Crawled caption data
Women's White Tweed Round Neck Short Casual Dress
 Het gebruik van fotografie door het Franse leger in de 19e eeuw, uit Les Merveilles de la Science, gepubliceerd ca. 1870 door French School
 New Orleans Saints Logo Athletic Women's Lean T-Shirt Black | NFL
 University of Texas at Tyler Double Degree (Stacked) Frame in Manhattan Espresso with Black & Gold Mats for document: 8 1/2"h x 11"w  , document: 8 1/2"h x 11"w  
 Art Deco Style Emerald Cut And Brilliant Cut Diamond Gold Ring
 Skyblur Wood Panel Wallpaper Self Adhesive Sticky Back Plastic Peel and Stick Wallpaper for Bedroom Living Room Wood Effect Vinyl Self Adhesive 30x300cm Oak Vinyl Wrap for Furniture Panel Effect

§ **What to work on**
Restate exactly each line of the data from the one bearing "Art Deco Style" to the end, and add nothing.

§ **Output for this task**
 Art Deco Style Emerald Cut And Brilliant Cut Diamond Gold Ring
 Skyblur Wood Panel Wallpaper Self Adhesive Sticky Back Plastic Peel and Stick Wallpaper for Bedroom Living Room Wood Effect Vinyl Self Adhesive 30x300cm Oak Vinyl Wrap for Furniture Panel Effect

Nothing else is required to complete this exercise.